SOURCE MATERIAL Start Marker
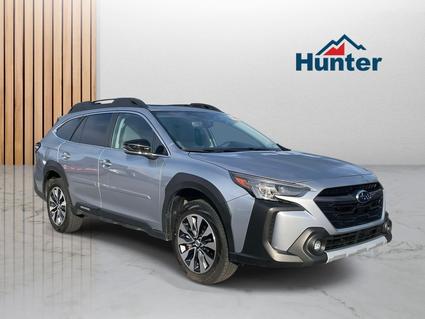 2024 Subaru Outback Fletcher NC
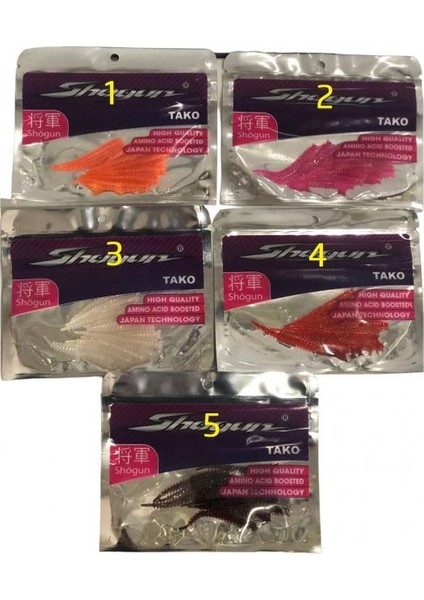 Tako Xl Lrf Silikonu L Beden 10’lu Paket Renk:4 modelleri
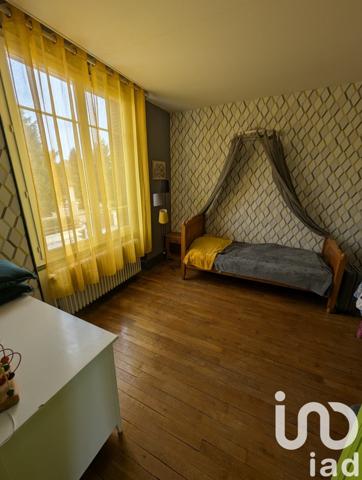 Maison à vendre 7 pièces 190 m² Brienon-sur-Armançon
SOURCE MATERIAL End Marker
Leaving the pictures out, output the material exactly as it appears.

◆ **WRITTEN SOLUTION**
 2024 Subaru Outback Fletcher NC
 Tako Xl Lrf Silikonu L Beden 10’lu Paket Renk:4 modelleri
 Maison à vendre 7 pièces 190 m² Brienon-sur-Armançon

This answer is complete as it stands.